» **TO DO**
Print all of the data exactly, but drop the pictures.

» **PROVIDED DATA**
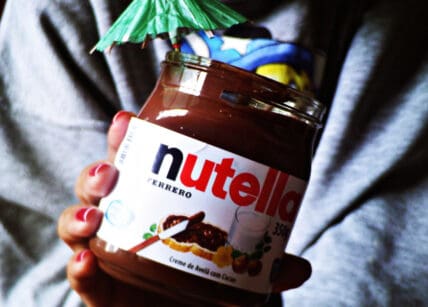 nutella
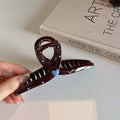 Vintage Heart & Polka Dot Loop Claw Clips – Wholesale Collection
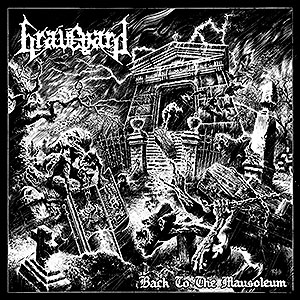 GRAVEYARD - Back to the Mausoleum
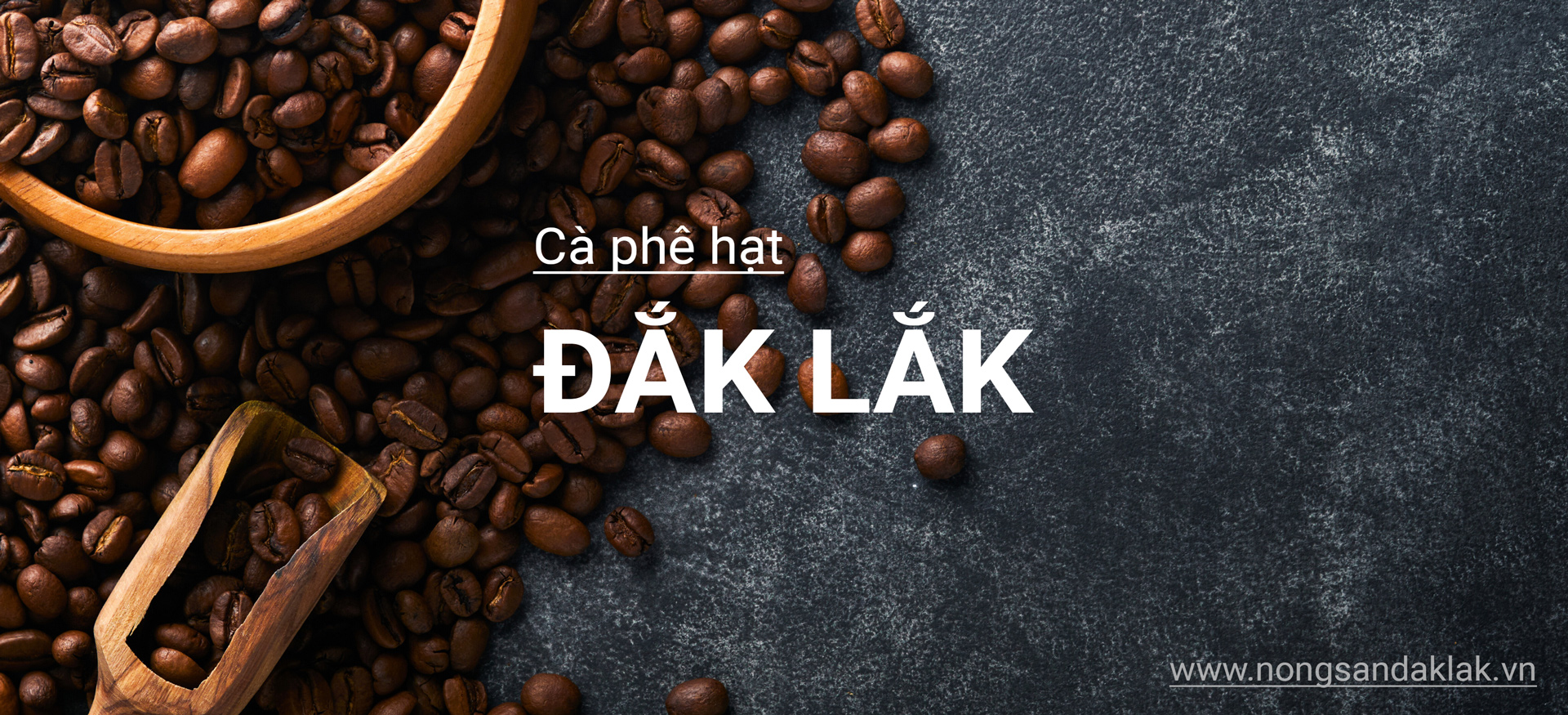 Cafe Đắk Lắk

» **WORKED SOLUTION**
 nutella
 Vintage Heart & Polka Dot Loop Claw Clips – Wholesale Collection
 GRAVEYARD - Back to the Mausoleum
 Cafe Đắk Lắk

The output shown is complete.